Records from a data collection:
####

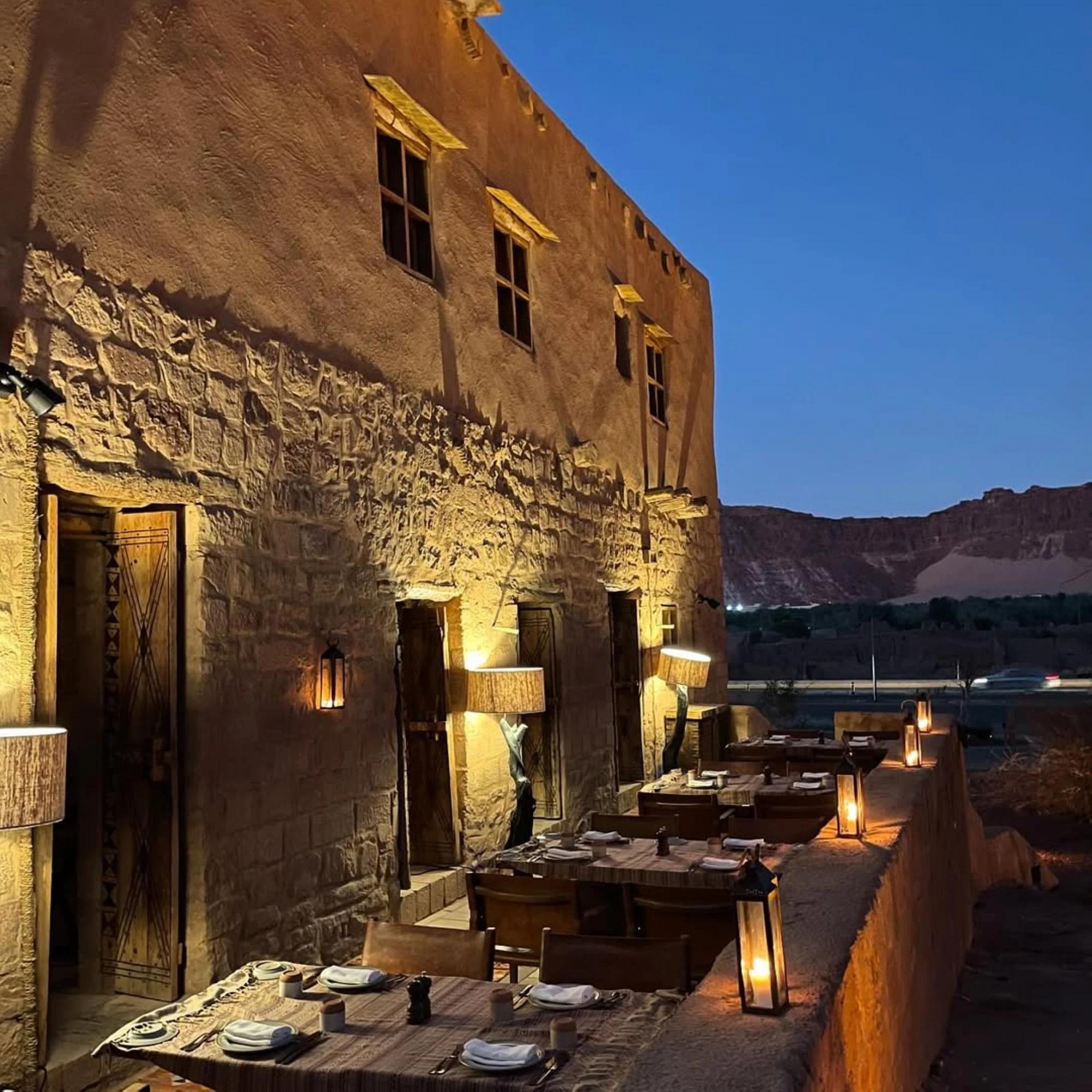 بيب غورماند من ميشلان تعلن تميّز 4 مطاعم سعودية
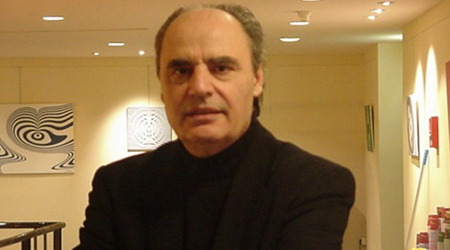 Éric Jauffret, docteur en histoire, anthropologue et écrivain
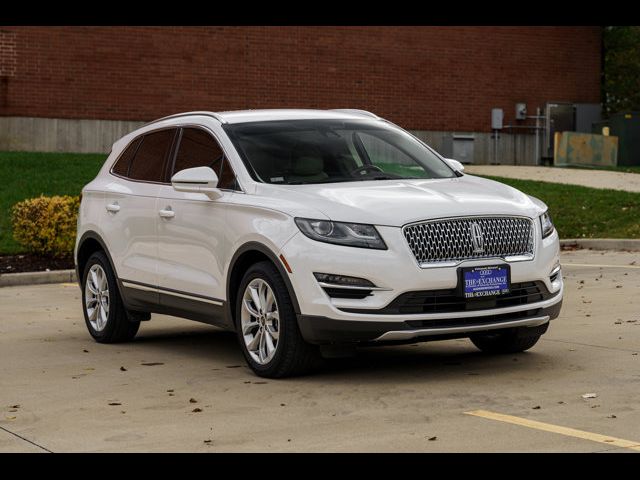 2019 Lincoln MKC Select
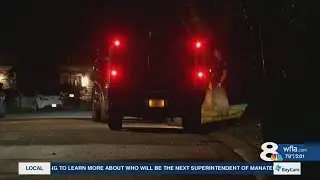 Deputies Investigate Deaths of Two People at Dunedin Home | WFLA Breaking News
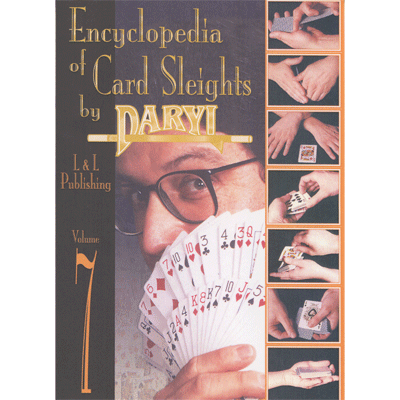 Encyclopedia of Card Sleights V7 by Daryl (Instant Download)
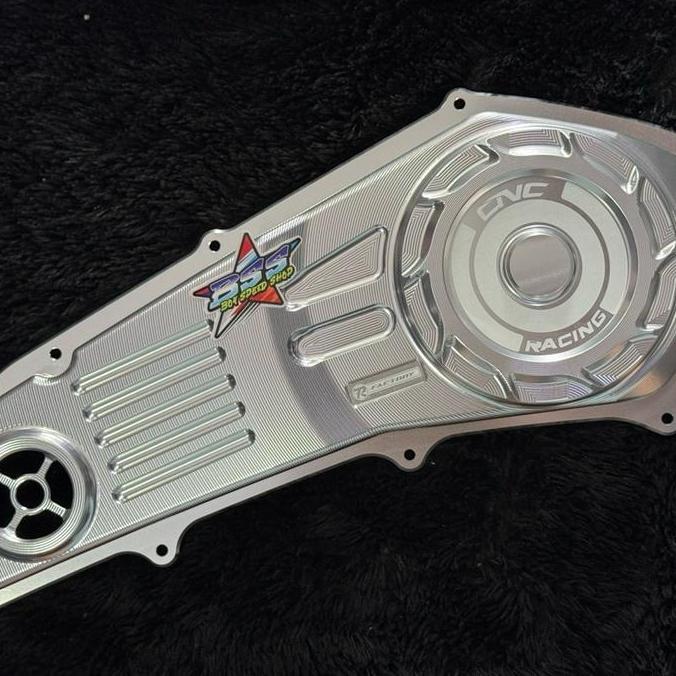 Cover box filter cnc billet stylo 160 - vario 160 Terlaris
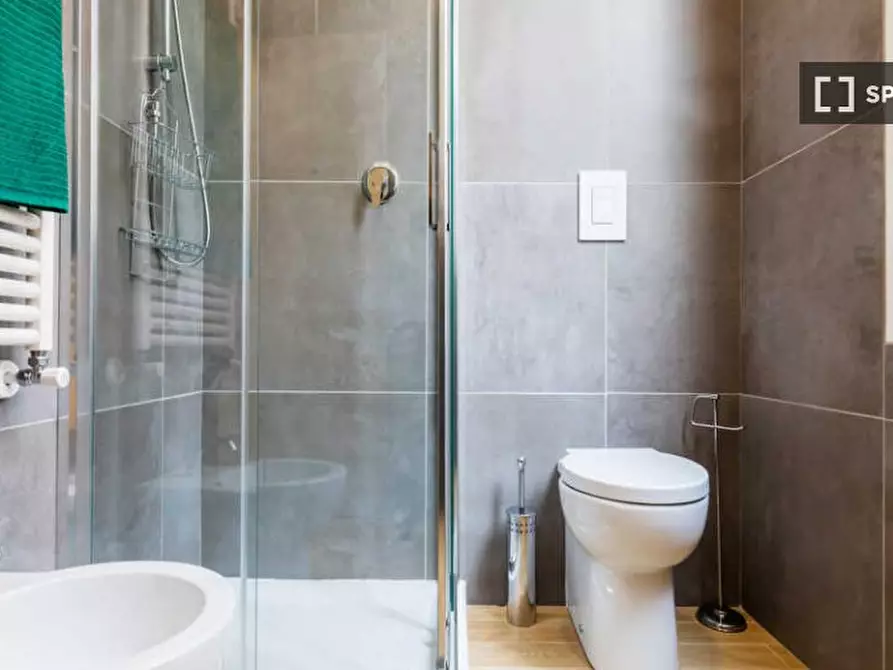 Immagine 15 di Camera condivisa in affitto  in Via Padova a Torino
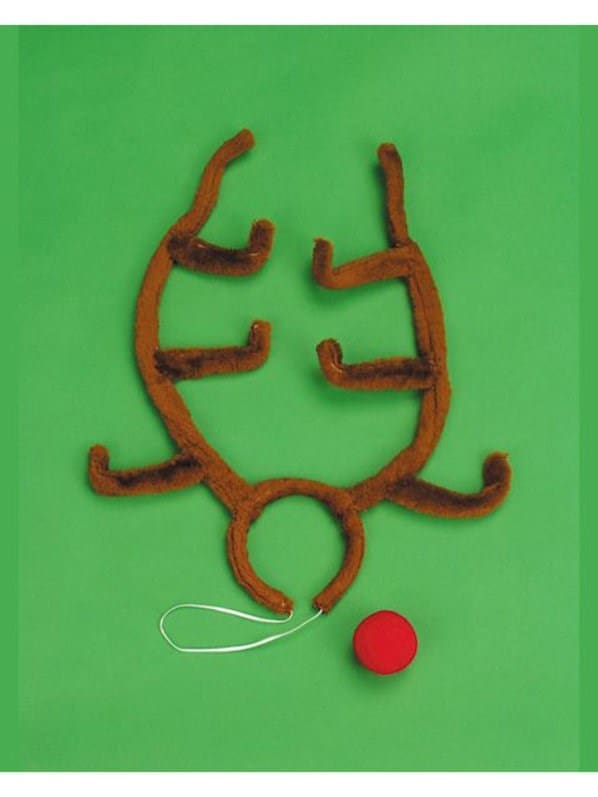 25110 ANTLERS & NOSE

####

Work instructions: Copy the records above exactly, from the first line through the line containing "Deputies Investigate Deaths", and leave out the pictures.

Response for this exercise:
 بيب غورماند من ميشلان تعلن تميّز 4 مطاعم سعودية
 Éric Jauffret, docteur en histoire, anthropologue et écrivain
 2019 Lincoln MKC Select
 Deputies Investigate Deaths of Two People at Dunedin Home | WFLA Breaking News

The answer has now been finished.